In that world, it is a zero sum game. Every time there is a winner, what that winner wins, someone else has lost. In the world I operate in today, that’s not the same. I am in a role now where I really feel like we’re helping the pie to just get bigger, as opposed to figuring out who owns which slice of it.
You have a foreign ecosystem, like the Czech Republic that wants to grow. We and you have startup founders from those ecosystems that want to become global successes. We create an opportunity for that company to get access to the biggest consumer and enterprise marketplace and the biggest venture funding ecosystem on the planet, bringing them here. They then often in turn will grow and become one of our success stories.
When they raise that money and they drive revenue they’re able to use that to reinvest in their company. When they first are hiring new employees and they’re thinking about hiring a developer. Are they going to hire them for 150 K in New York city or are they going to hire them for 40 K in Prague? So they’re growing job creation. They’re growing their office and operations at home, because it’s easier for them to do that, because it’ll have a larger footprint there and just a few people on the ground here. But as they continue to succeed, they would grow more of a footprint here.
So they have more of an impact on the ecosystem here, and so you have the ecosystem at home wins.
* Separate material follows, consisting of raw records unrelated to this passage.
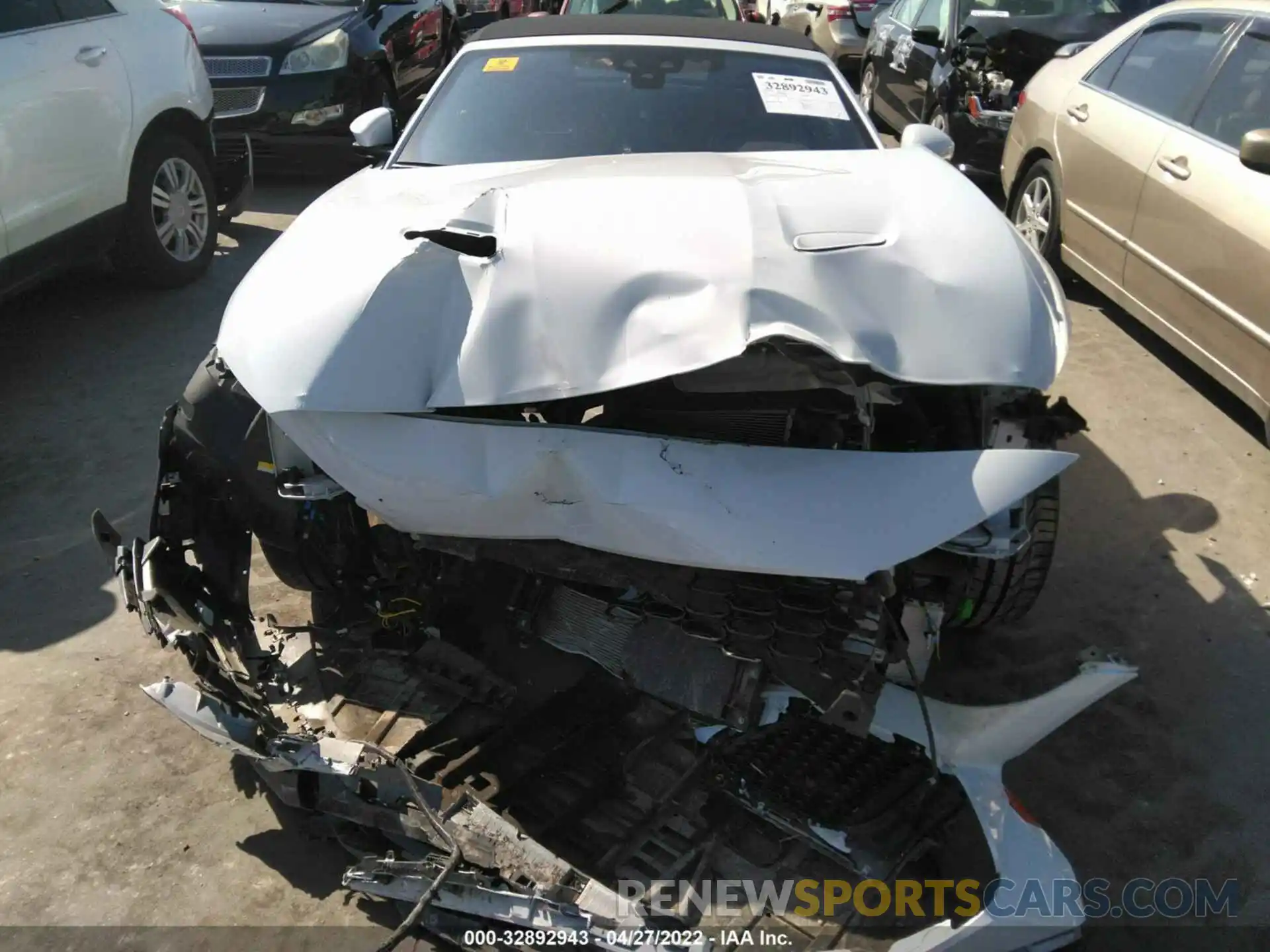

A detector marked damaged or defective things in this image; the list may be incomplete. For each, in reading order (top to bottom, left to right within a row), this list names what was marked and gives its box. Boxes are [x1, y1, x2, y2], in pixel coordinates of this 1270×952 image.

crumpled hood [216, 151, 1062, 416]
torn white body panel [213, 151, 1066, 416]
torn white body panel [273, 413, 1077, 586]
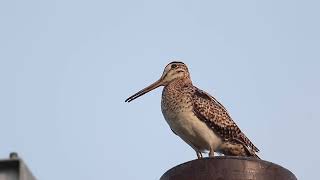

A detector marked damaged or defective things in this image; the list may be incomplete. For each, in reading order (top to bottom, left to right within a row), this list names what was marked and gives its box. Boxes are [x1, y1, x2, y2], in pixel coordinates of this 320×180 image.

rusted surface [161, 156, 296, 180]
rusty metal post [161, 156, 296, 180]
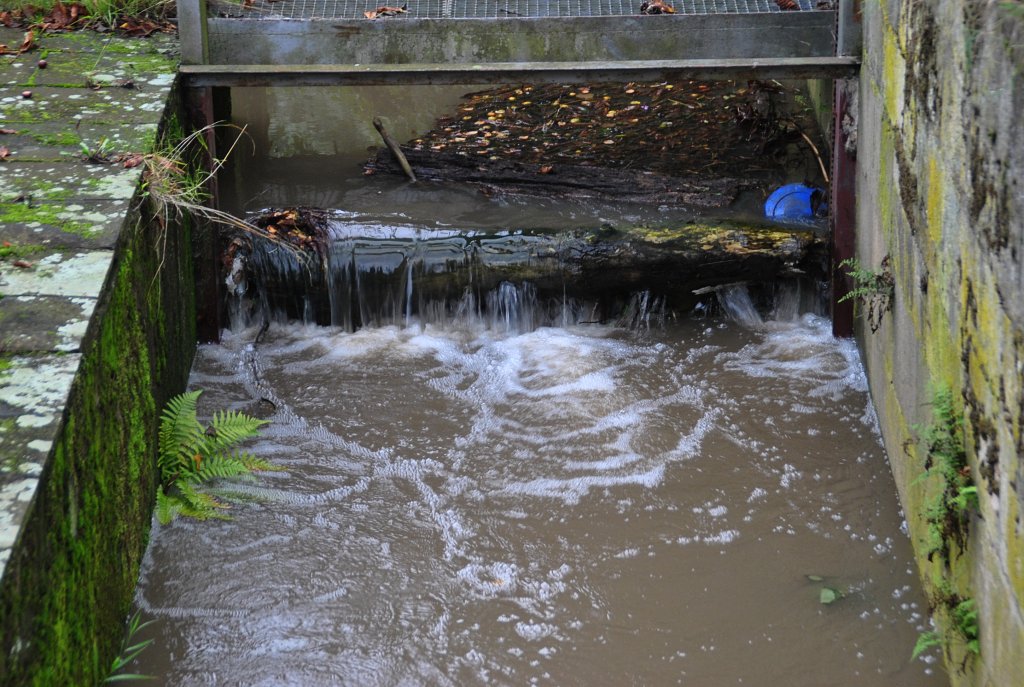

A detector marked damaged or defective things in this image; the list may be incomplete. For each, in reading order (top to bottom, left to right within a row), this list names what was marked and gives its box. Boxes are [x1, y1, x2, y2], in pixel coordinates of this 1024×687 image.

The ecosystem in the US wins. The company wins because they grow and have access to more opportunity. And then as VentureOut, we win by being able to be the facilitator of all of that. So that’s what it means that the pie grows as opposed to figuring out how to cut it up. And that is probably the thing I love the most about the work that we do here at VentureOut.
David Yakobovitch
I love how mission driven you are and your mission continues beyond what you do at VentureOut to other organizations that you’re a member at. So we previously discussed before being on the podcast about FWD.us and their Innovation Council.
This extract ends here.